- _Entries supplied_:
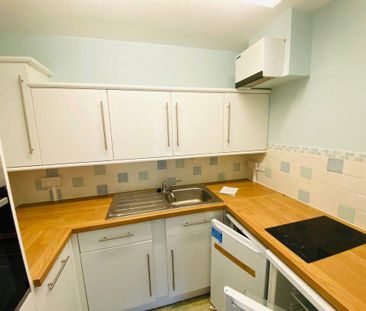 1 bedroom flat to rent - Photo 4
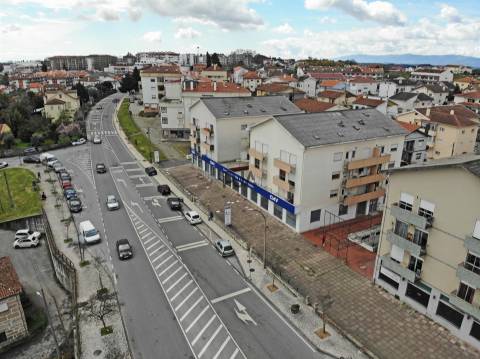 Armazém para Vender em Viseu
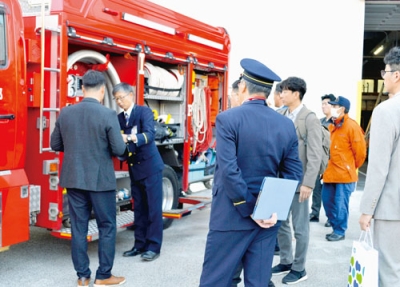 写真：京畿道の視察団に消防車の説明をする登別消防本部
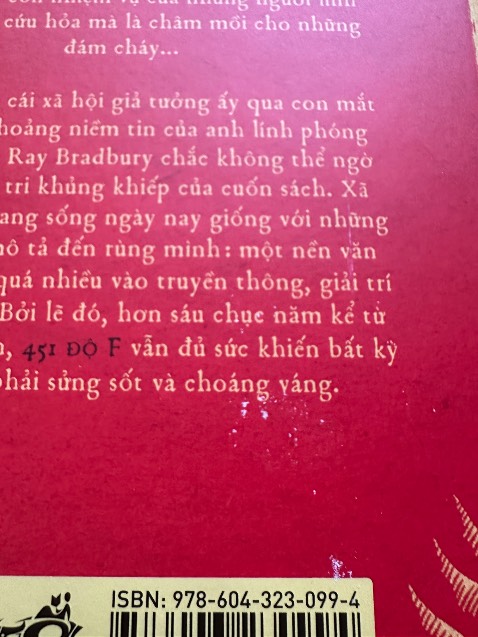 Sách tình trạng tệ, không hiểu sao băng keo dính nguyên từ bìa áo sang bìa cứng, bìa áo thì gấp nguyên vết như hình.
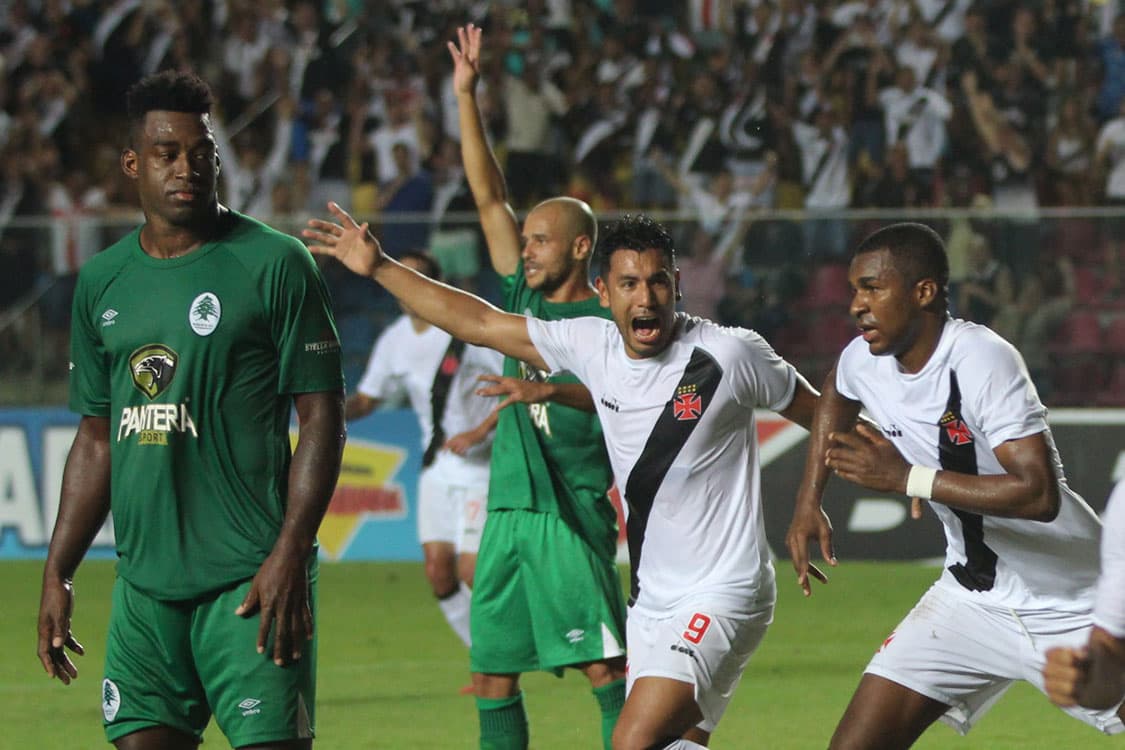 Jogadores do Vasco comemoram gol contra o Boa vista, pelo Campeonato Carioca, no Espírito Santo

- _What needs to be done_: Please write out the material from the line containing "Armazém para Vender em Viseu" to its final line, both inclusive, exactly as it appears; pictures are not part of the copy.

- _Finished task_:
 Armazém para Vender em Viseu
 写真：京畿道の視察団に消防車の説明をする登別消防本部
 Sách tình trạng tệ, không hiểu sao băng keo dính nguyên từ bìa áo sang bìa cứng, bìa áo thì gấp nguyên vết như hình.
 Jogadores do Vasco comemoram gol contra o Boa vista, pelo Campeonato Carioca, no Espírito Santo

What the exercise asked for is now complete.